Third Harmonic Upconverted Full-Stokes Imaging with High-Efficiency Germanium Metasurface from MWIR to SWIR

TL;DR

This paper demonstrates a highly efficient Germanium metasurface capable of third harmonic generation for upconverted full-Stokes imaging from MWIR to SWIR, enabling advanced thermal imaging and target recognition.

Contribution

It introduces the first metasurface design for upconverted full-Stokes imaging, achieving high THG efficiency and polarization analysis in the MWIR to SWIR range.

Findings

Achieved up to 1.05x10^-1% THG efficiency for linearly polarized light.

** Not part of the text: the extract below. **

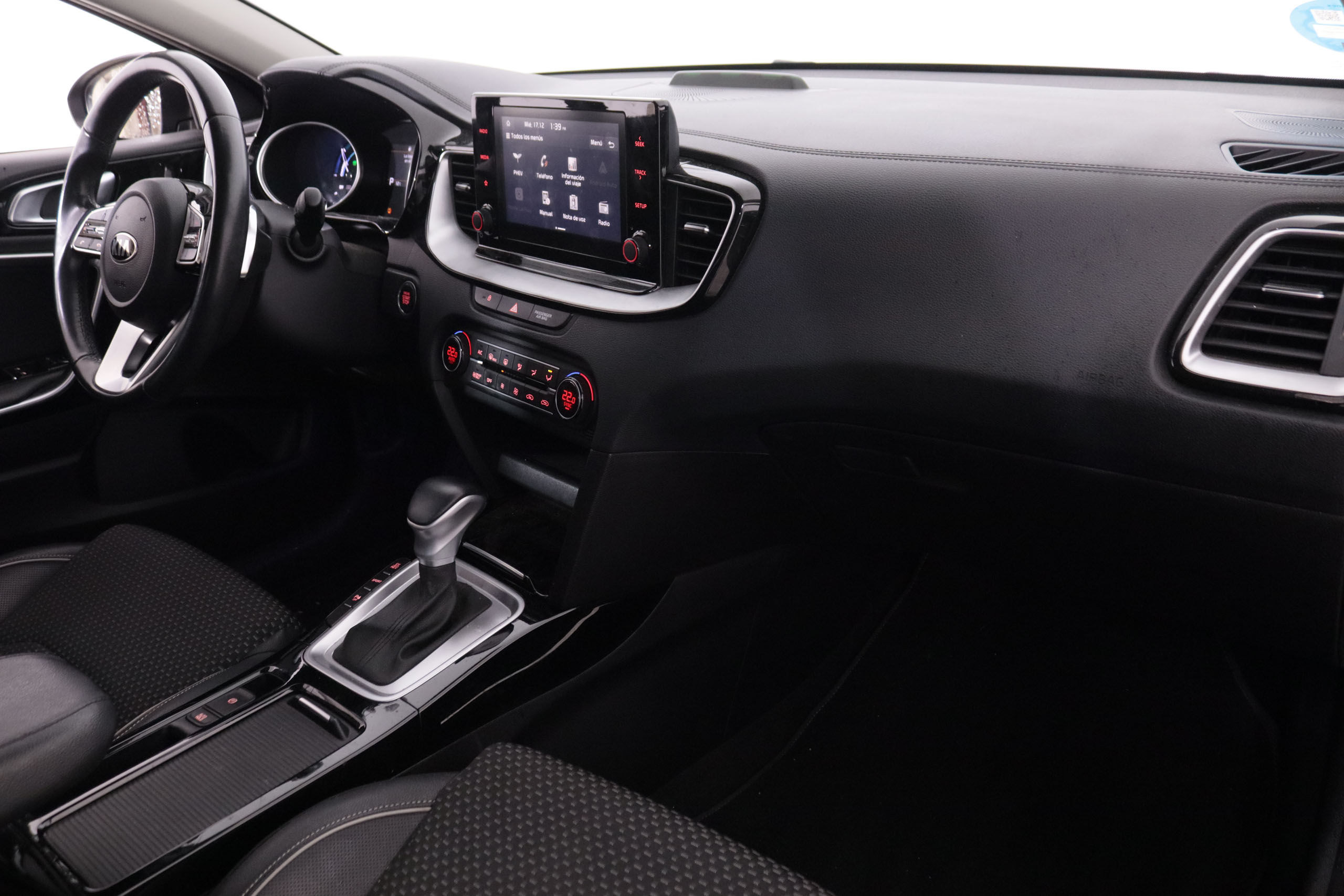 Kia XCEED 1.6 GDI PHEV EDRIVE AUTO 141CV 5P #IVA DEDUCIBLE, PARKTRONIC foto 15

Demonstrated polarization-dependent TH diffraction and harmonic generation.

Enabled potential for high-resolution thermal imaging and infrared target recognition.

Abstract

Dielectric resonant metasurfaces can be utilized for efficient high harmonic generation, which has been explored here in this effort for a high-efficient Germanium metasurface for upconverted full-Stokes imaging at 1.33-micron wavelength by the third harmonic generation (THG) from the 4-micron fundamental wavelength. The internal TH conversion efficiency for the Ge film is about 1x10-5 % to 5.6x10-3 % and for the Ge-metasurface 1.5x10-4 % to 1.05x10-1 % for linearly polarized (LP) incidence, and 1.3x10-4 % to 6.1x10-2 % for circularly polarized (CP) incidence, for the optical intensity range 0.47 GW/cm2 to 16.8 GW/cm2 respectively. The effect of the Ge film height variation has been discussed and compared with transmission line theory for the nonlinear medium. The metasurface design pitch is suitably tuned for the anisotropic cross-triangles nanoantenna for analyzing the polarization states of the fundamental beam simultaneously. The effect of source intensity on TH conversion among the LP and CP states, flipping the nonlinear diffraction orders and incipient of new harmonics with intensity dependence and design limitations, has also been addressed. To my knowledge, with this type of metasurface design, this is the first approach for upconverted full-Stokes imaging. The benefit will be upconverted polarimetry of MWIR at SWIR, where uncooled efficient detectors are available for high-resolution thermal imaging. This efficient Ge-metasurface is exempt from TH transmission loss due to the size effect of assigning a phase gradient for polarization-dependent TH diffraction order generation and orthogonal transmission disparity. Integration of this type of metasurface for infrared image upconversion will open new possibilities for intense heat signature identification, especially for target recognition in next-generation infrared homing devices in surveillance and missile defense systems.